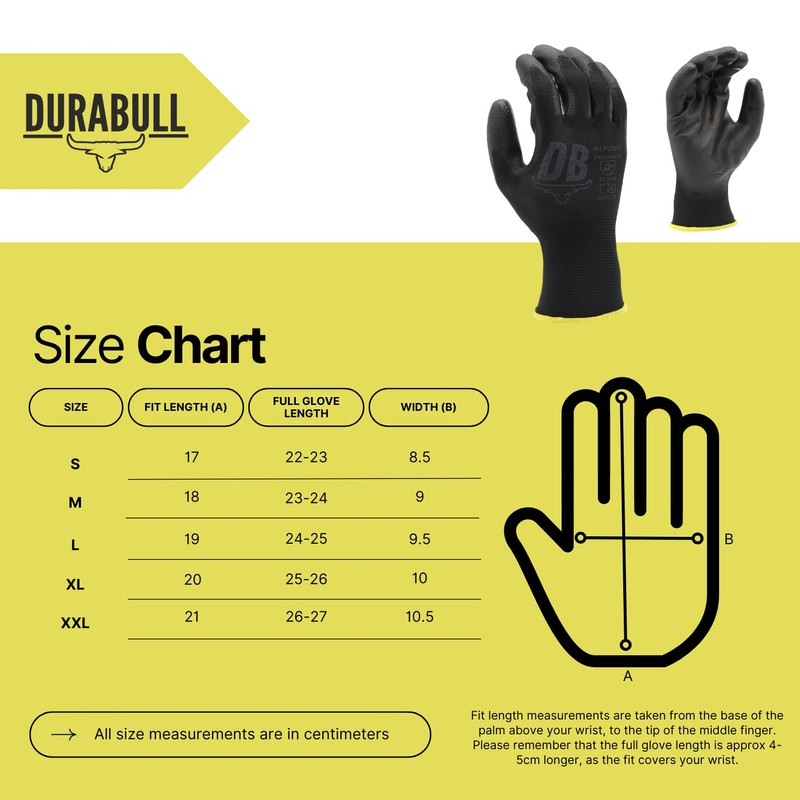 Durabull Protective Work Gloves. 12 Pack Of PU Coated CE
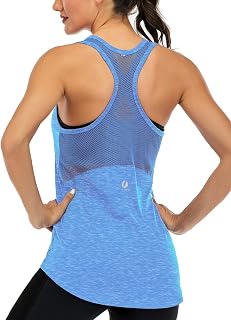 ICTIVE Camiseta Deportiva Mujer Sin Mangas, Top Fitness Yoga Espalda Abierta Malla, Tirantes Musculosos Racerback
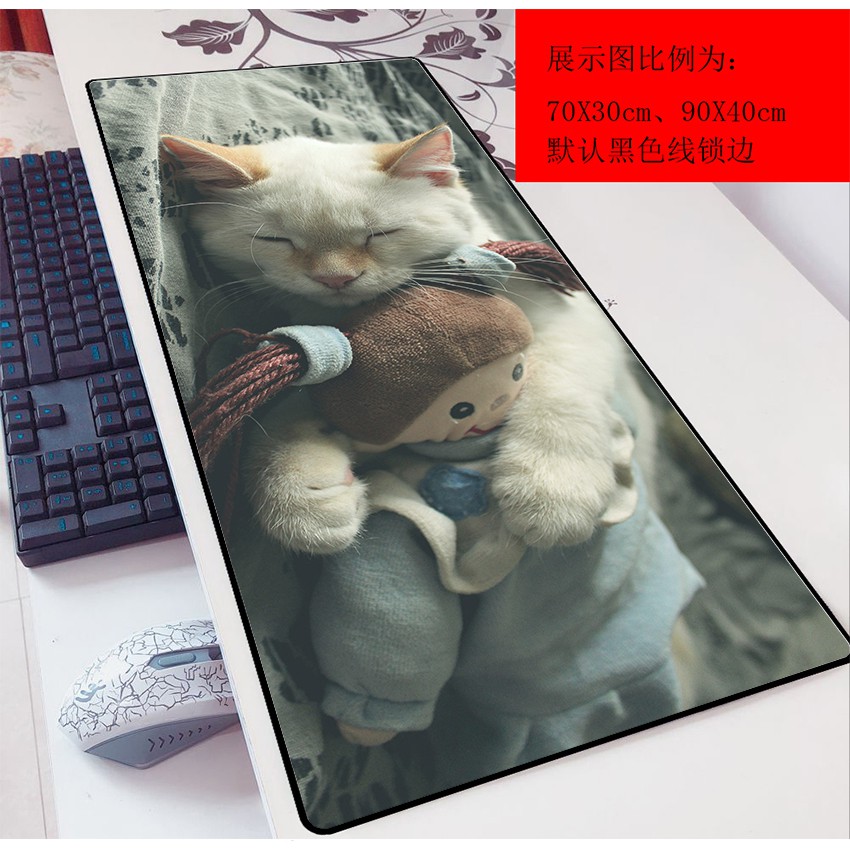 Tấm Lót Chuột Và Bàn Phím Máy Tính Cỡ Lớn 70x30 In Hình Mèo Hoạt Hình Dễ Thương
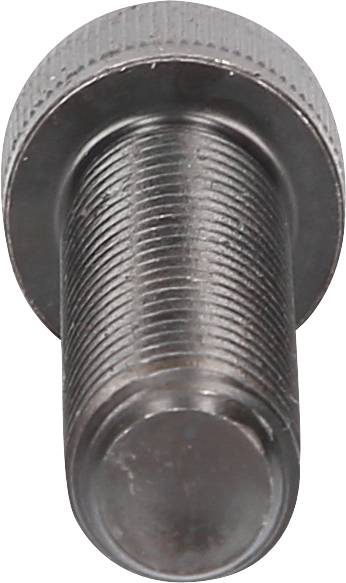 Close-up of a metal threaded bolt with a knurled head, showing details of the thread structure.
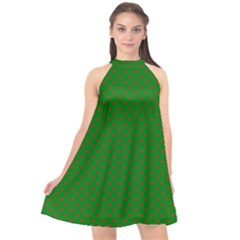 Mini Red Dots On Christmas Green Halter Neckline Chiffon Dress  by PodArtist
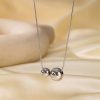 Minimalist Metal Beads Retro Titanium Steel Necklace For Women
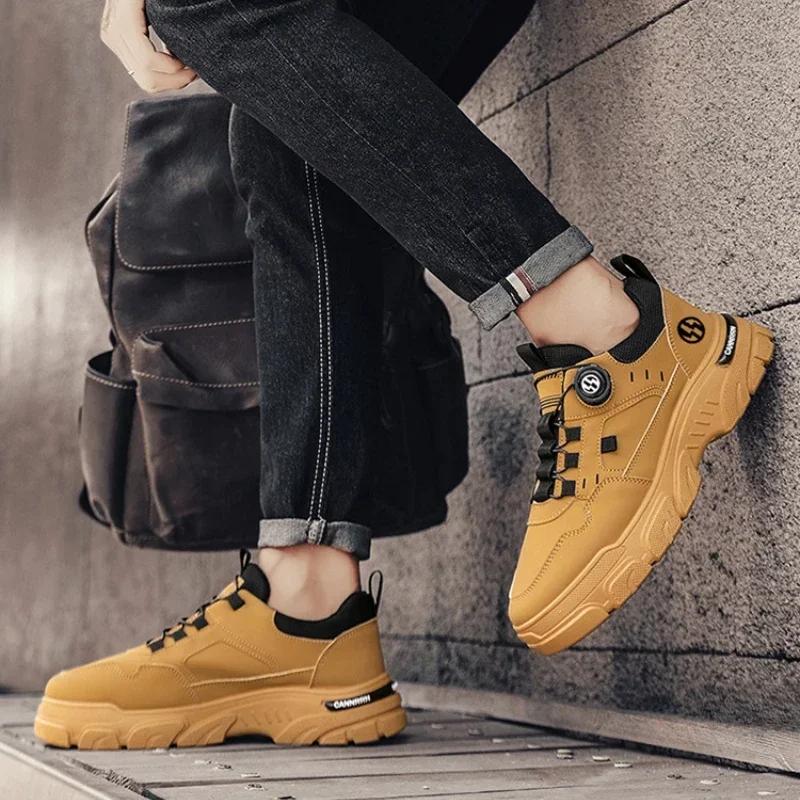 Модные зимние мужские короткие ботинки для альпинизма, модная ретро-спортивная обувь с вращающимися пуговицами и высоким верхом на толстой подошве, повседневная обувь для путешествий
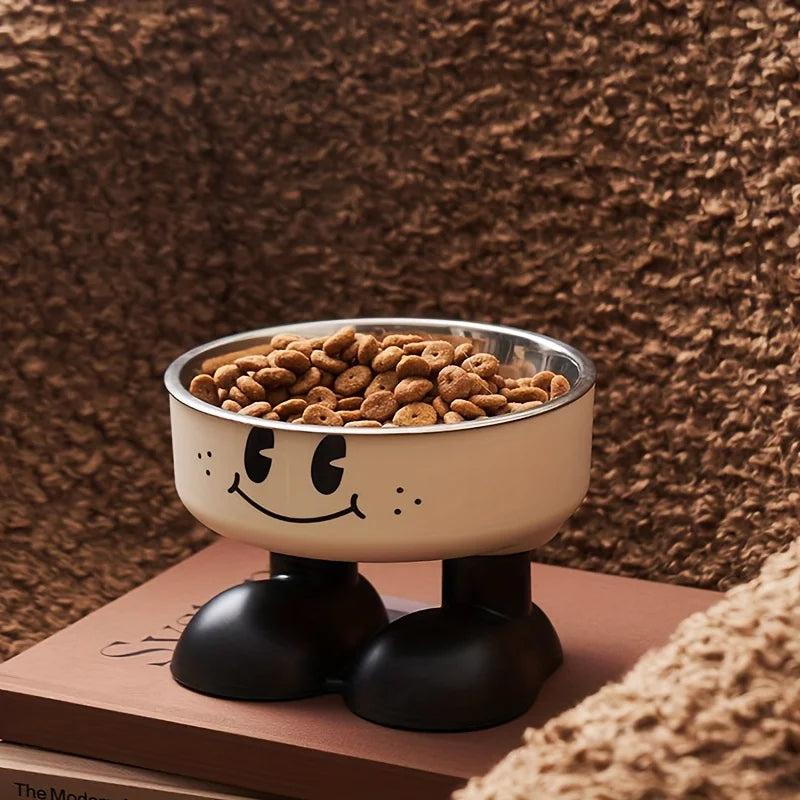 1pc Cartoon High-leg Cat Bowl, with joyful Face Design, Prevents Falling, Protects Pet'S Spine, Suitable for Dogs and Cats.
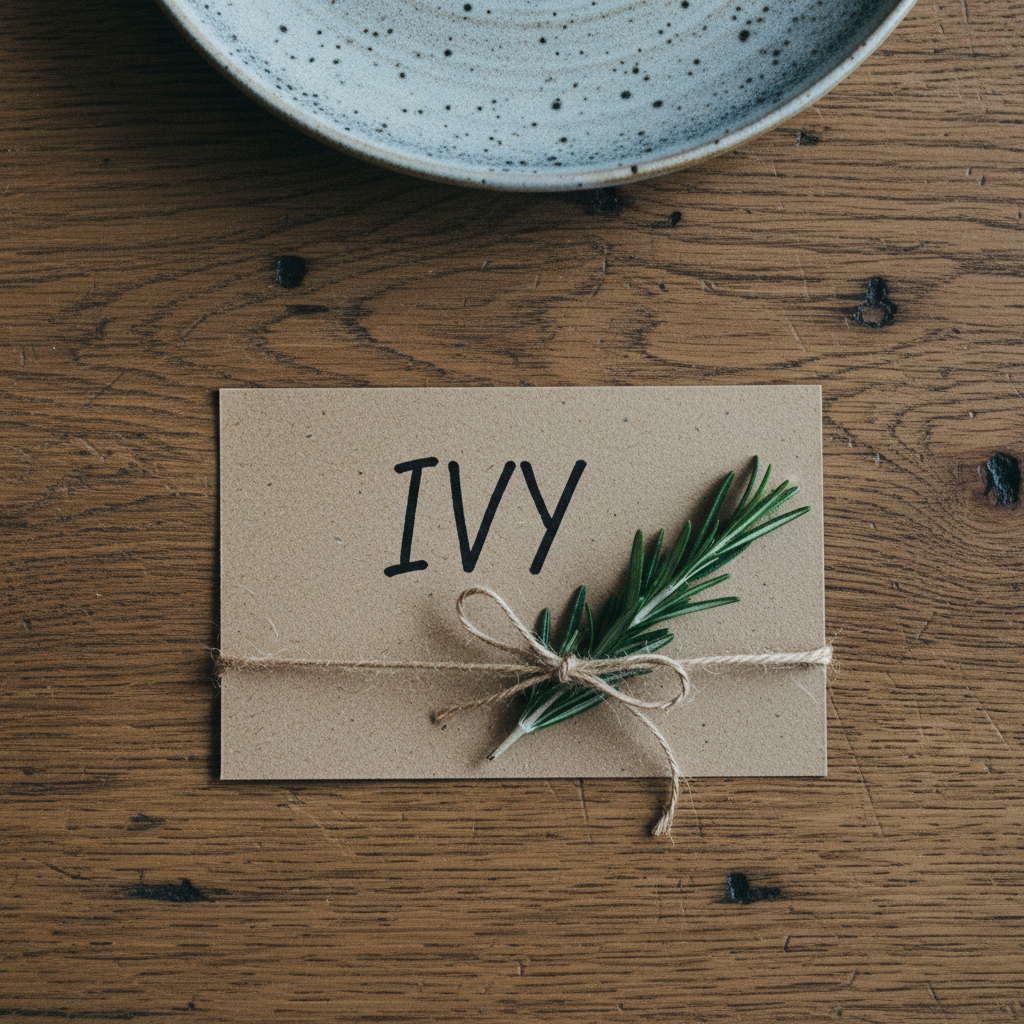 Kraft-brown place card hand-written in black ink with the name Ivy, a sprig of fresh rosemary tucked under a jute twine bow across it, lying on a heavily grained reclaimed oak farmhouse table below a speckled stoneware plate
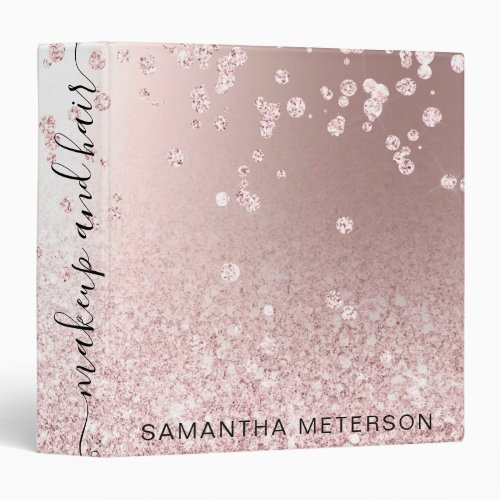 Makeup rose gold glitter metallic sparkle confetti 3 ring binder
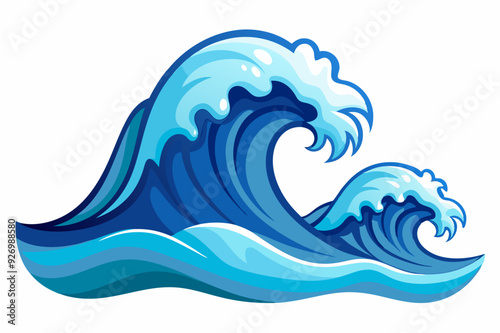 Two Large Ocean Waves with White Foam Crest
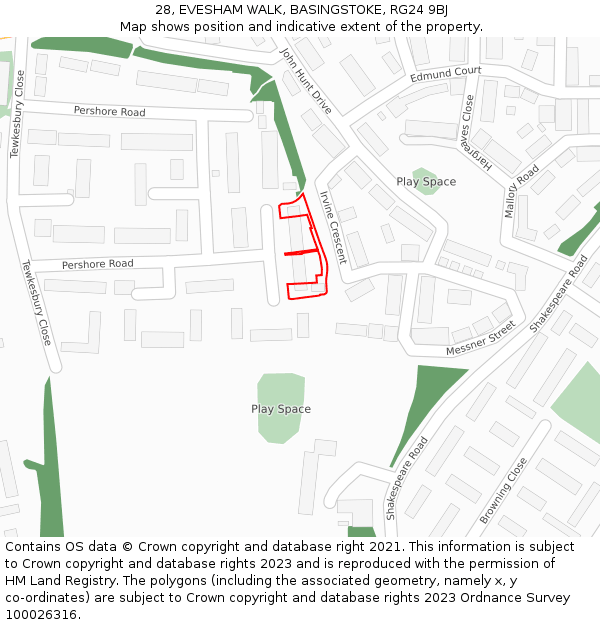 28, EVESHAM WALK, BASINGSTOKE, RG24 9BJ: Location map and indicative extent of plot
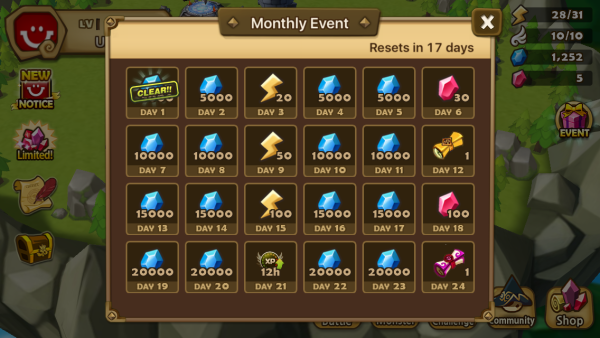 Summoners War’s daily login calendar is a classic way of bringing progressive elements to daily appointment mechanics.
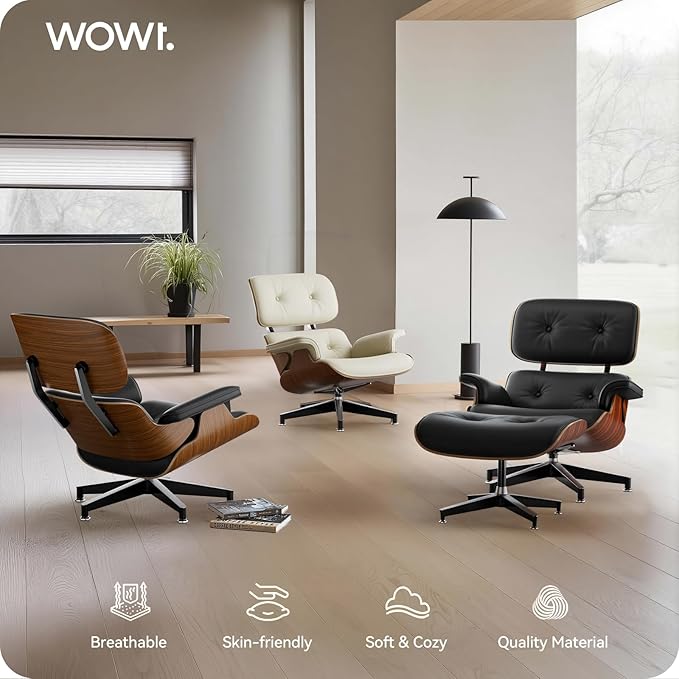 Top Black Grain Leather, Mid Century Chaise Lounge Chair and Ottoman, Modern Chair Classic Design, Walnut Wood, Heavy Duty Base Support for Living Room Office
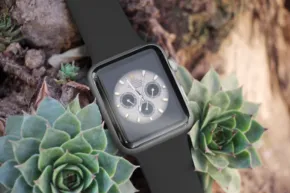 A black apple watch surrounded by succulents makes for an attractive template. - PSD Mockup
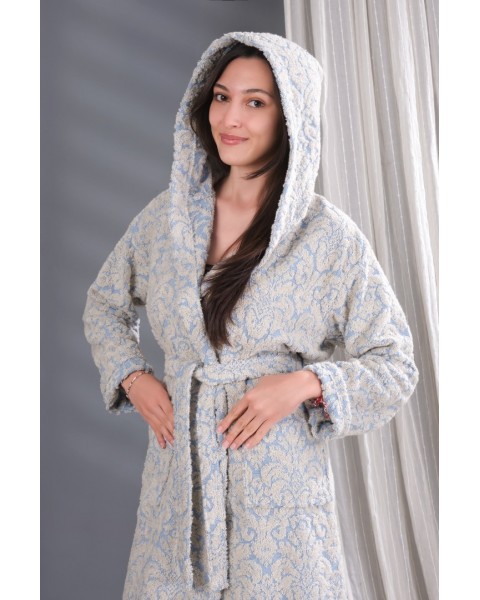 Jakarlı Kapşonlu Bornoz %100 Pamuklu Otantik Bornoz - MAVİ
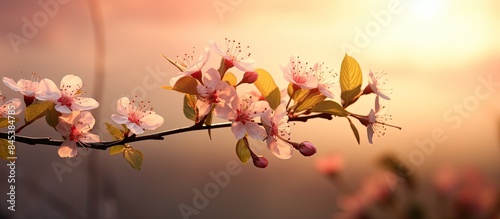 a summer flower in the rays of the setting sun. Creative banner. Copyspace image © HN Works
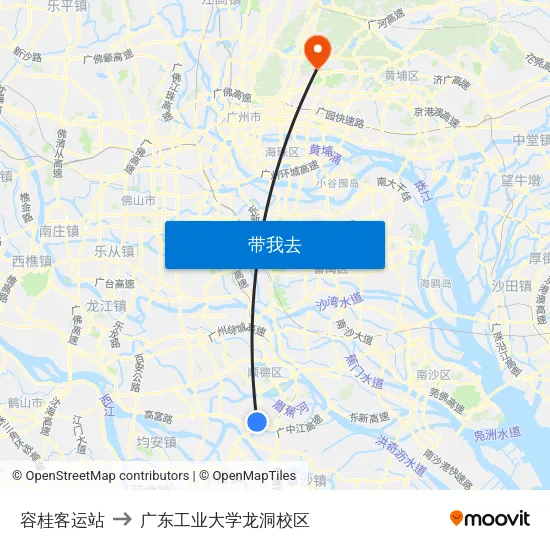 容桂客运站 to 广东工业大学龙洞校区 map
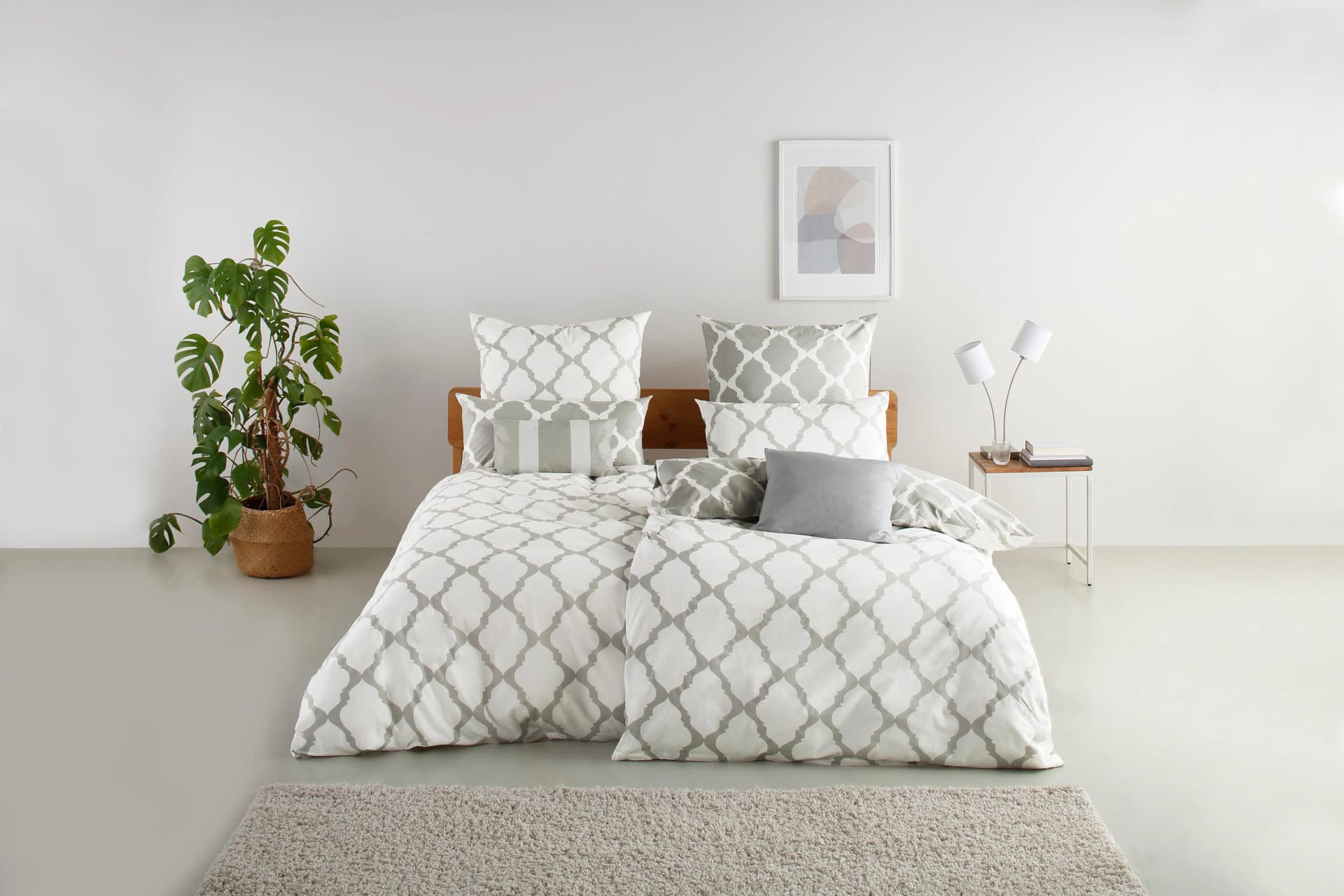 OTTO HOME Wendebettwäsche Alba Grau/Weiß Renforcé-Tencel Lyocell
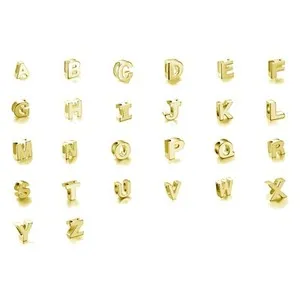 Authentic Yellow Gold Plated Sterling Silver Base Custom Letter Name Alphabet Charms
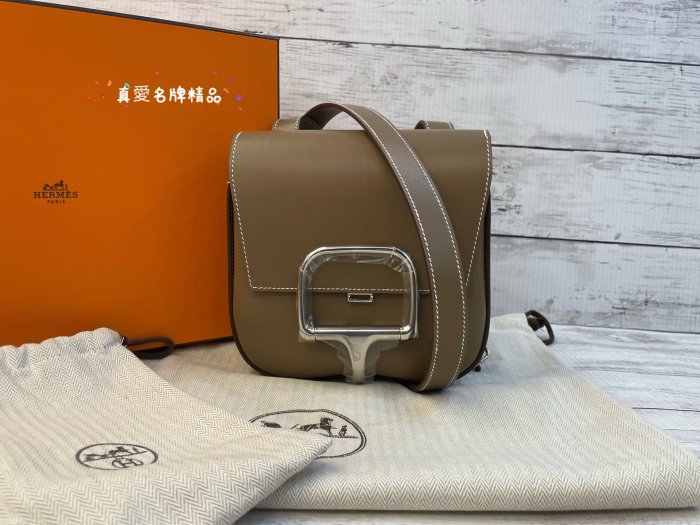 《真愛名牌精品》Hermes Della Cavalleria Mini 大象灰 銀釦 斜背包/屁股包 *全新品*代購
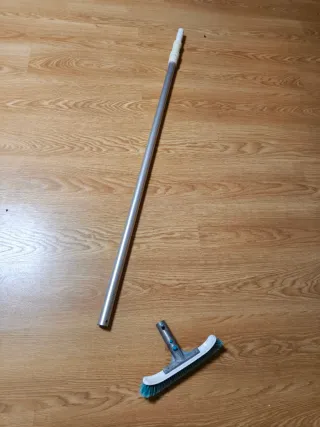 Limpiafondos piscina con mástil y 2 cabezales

+++

EXERCISE BRIEF:
Exact text is required for the lines from the one with "A black apple" through the last line of the entries, both included. Omit pictures.

OUTPUT OF THE EXERCISE:
 A black apple watch surrounded by succulents makes for an attractive template. - PSD Mockup
 Jakarlı Kapşonlu Bornoz %100 Pamuklu Otantik Bornoz - MAVİ
 a summer flower in the rays of the setting sun. Creative banner. Copyspace image © HN Works
 容桂客运站 to 广东工业大学龙洞校区 map
 OTTO HOME Wendebettwäsche Alba Grau/Weiß Renforcé-Tencel Lyocell
 Authentic Yellow Gold Plated Sterling Silver Base Custom Letter Name Alphabet Charms
 《真愛名牌精品》Hermes Della Cavalleria Mini 大象灰 銀釦 斜背包/屁股包 *全新品*代購
 Limpiafondos piscina con mástil y 2 cabezales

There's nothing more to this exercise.